Breakey expects her findings about men to correlate with preexisting research. Earlier studies of men involved in contests ranging from baseball to chess have shown a rise in testosterone levels as subjects anticipate competition, with higher post-game levels in winners than in losers. This pattern supports larger evolutionary theories: since males have evolved to compete for mates, more testosterone in winners would encourage future competition and accordingly promote reproductive success.

The results for women, where experiments have been few and inconclusive, might be more interesting. Breakey’s hypothesis is that female winners and losers will not exhibit large swings in testosterone depending on performance; such differences, she claims, would not serve an adaptive function in women to the degree they do in men. Without tests of alleged sex discrepancies, evolutionary theories, Breakey laments, will become “just-so stories.”

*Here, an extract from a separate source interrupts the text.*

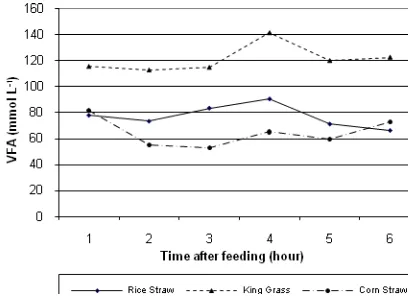 Table 1. Effect of different basal diet supplemented by high protein concentrate on kinetic of VFA in rumen fluid’s of dairy cattle 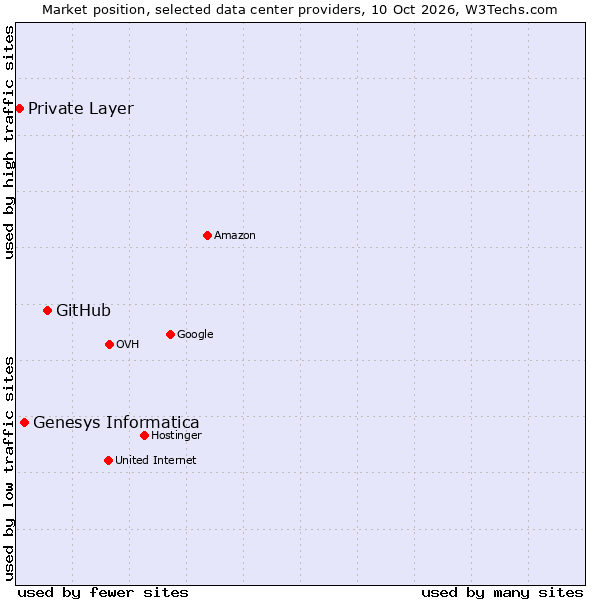 Market position of GitHub vs. Genesys Informatica vs. Private Layer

Studying women isn’t the only way Breakey’s experiment is significant. Although she claims her study is neither groundbreaking nor innovative, her advisor Stephanie Anestis is quick to differ. “Alicia’s study is very original,” she says. Testing the debate team eliminates the confounding hormonal impact of strenuous physical activity while still ensuring that the subjects care about the competition. Equally compelling is the fact that the winner and loser of each debate round are not announced until the next day, so testosterone levels measured after the match are related to the perception, not the reality, of having won or lost.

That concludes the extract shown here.